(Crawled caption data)
⁂

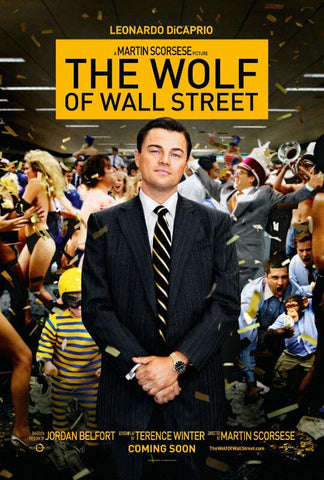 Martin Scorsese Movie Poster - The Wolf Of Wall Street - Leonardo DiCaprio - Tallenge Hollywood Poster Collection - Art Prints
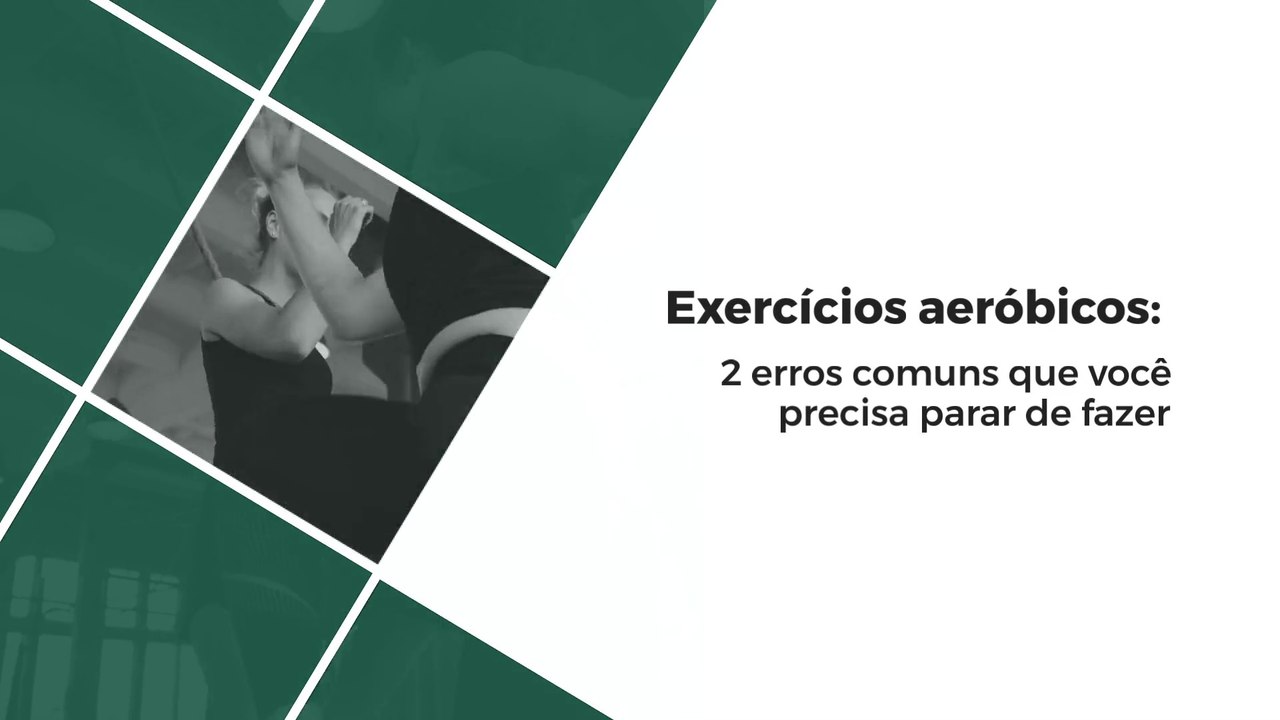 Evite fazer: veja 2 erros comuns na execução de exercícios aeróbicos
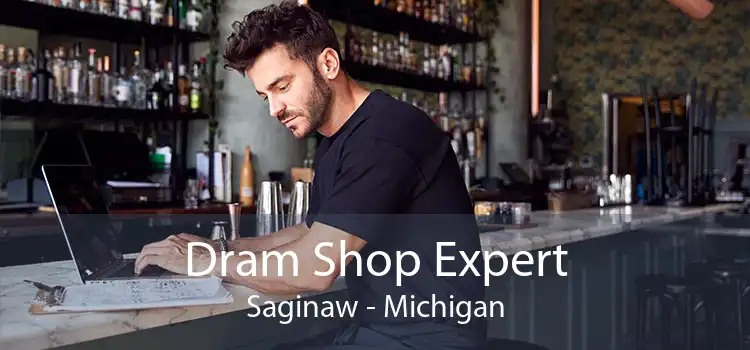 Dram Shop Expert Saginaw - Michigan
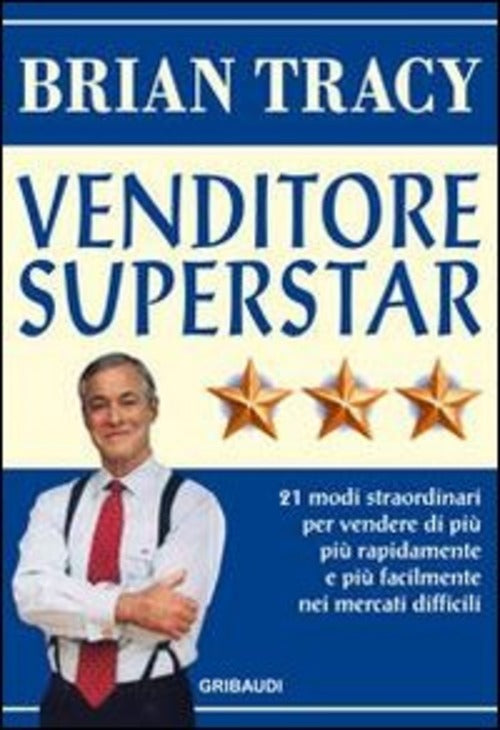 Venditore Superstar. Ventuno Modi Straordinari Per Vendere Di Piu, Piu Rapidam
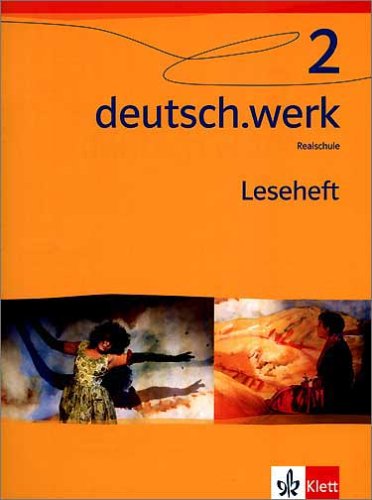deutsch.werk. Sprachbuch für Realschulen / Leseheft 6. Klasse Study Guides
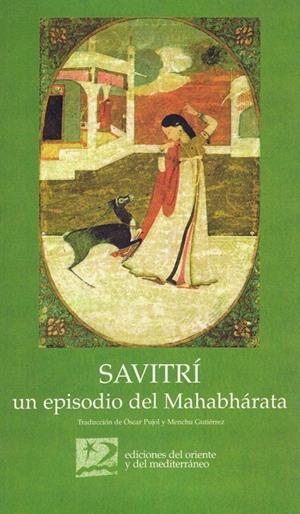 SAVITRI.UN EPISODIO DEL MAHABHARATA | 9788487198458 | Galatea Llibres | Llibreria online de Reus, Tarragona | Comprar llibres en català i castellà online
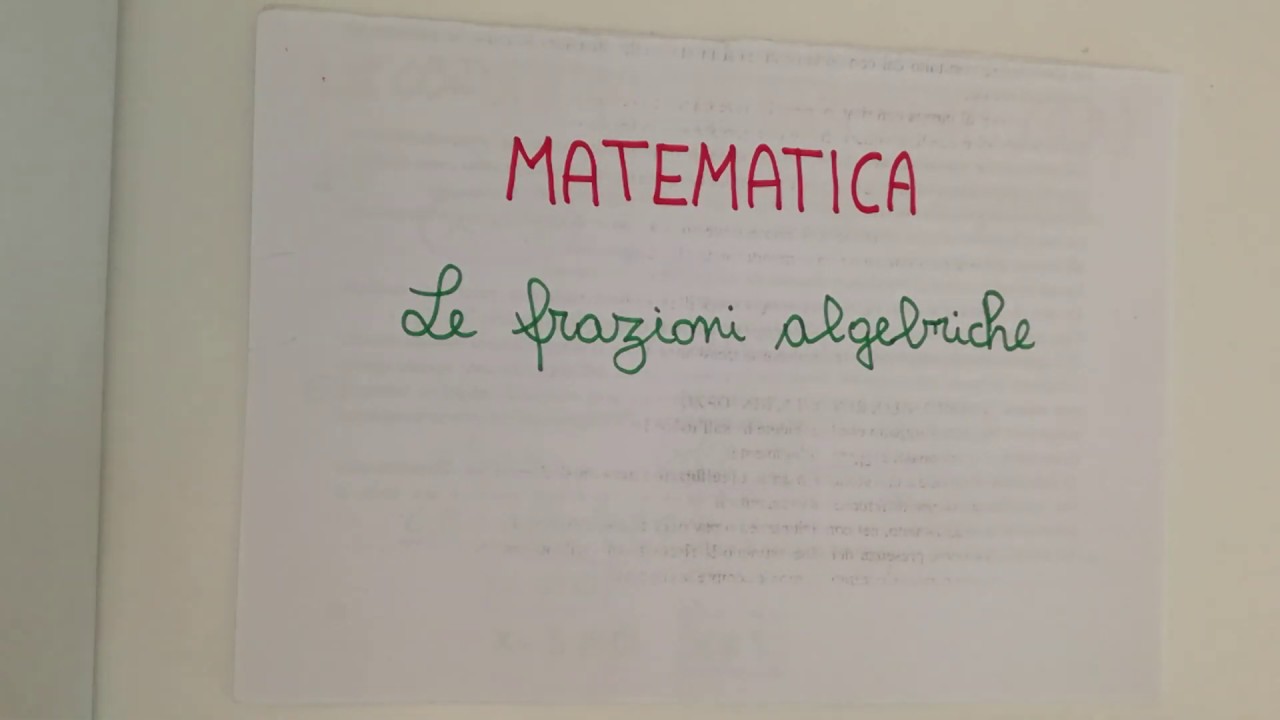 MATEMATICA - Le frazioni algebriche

⁂

Work to be completed — The answer must be an exact copy of the lines from the one containing "Evite fazer: veja" through the last line of the records, with no pictures included.

Your solution —
 Evite fazer: veja 2 erros comuns na execução de exercícios aeróbicos
 Dram Shop Expert Saginaw - Michigan
 Venditore Superstar. Ventuno Modi Straordinari Per Vendere Di Piu, Piu Rapidam
deutsch.werk. Sprachbuch für Realschulen / Leseheft 6. Klasse Study Guides
 SAVITRI.UN EPISODIO DEL MAHABHARATA | 9788487198458 | Galatea Llibres | Llibreria online de Reus, Tarragona | Comprar llibres en català i castellà online
 MATEMATICA - Le frazioni algebriche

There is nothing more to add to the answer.